Do you know the story of a certain lady called Penelope, who was the wife of Ulysses, a very celebrated king of whom the world has talked for the last 3000 years—thanks to a poet called Homer, who did him the honor of making him his hero! The husband of Penelope had left her for a long time to go to the wars, and as he did not return, people tried to persuade her to marry again. For peace and quiet's sake, she promised to do so when she should have finished a piece of cloth she was weaving, at which she worked all day long. They thought to get hold of her very soon, but her importunate lovers were disappointed; for the faithful wife, determined to await the return of her husband, unwove every night the portion she had woven during the day; and I leave you to judge what progress the web made in the course of a year!

Now, every part of our bodies is a kind of Penelope's web, with this difference—that here the web unravels at one end as fast as the work progresses at the other. As the little masons put new bricks to the house on one side, the old ones crumble away on another—in this manner the work might go on forever without the house becoming bigger; while, on the other hand, the house is always being rebuilt. People who are fond of building, as some are, would quite enjoy having such a mansion as this on hand!

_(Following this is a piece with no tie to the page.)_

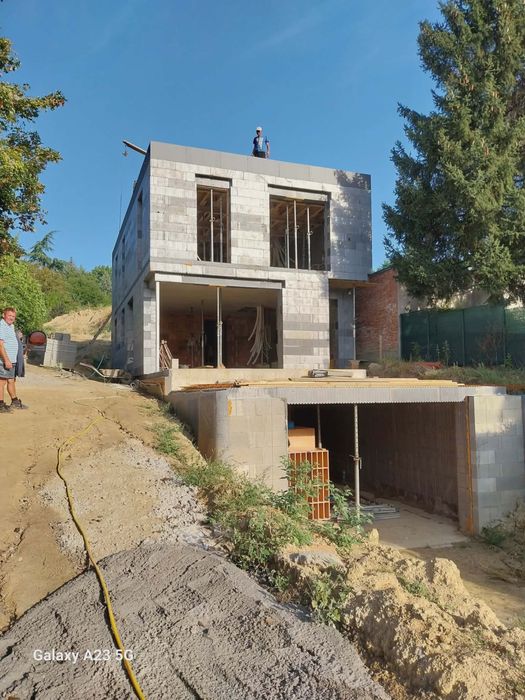 Case la roșu, Consolidări, Demolări, Fațade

At your early age, my love, fewer bricks drop out than are added, and this is why you grow from year to year. At your papa's age, just the same number perish and are replaced; and therefore he continues the same size, although in the course of the year he swallows three times his own weight of food. But when I say this, do not suppose it is an offensive remark, or that I think him either too little a man, or too great an eater; seeing that there are 365 days in the year, and that a quart of water weighs two pounds: I need not say more!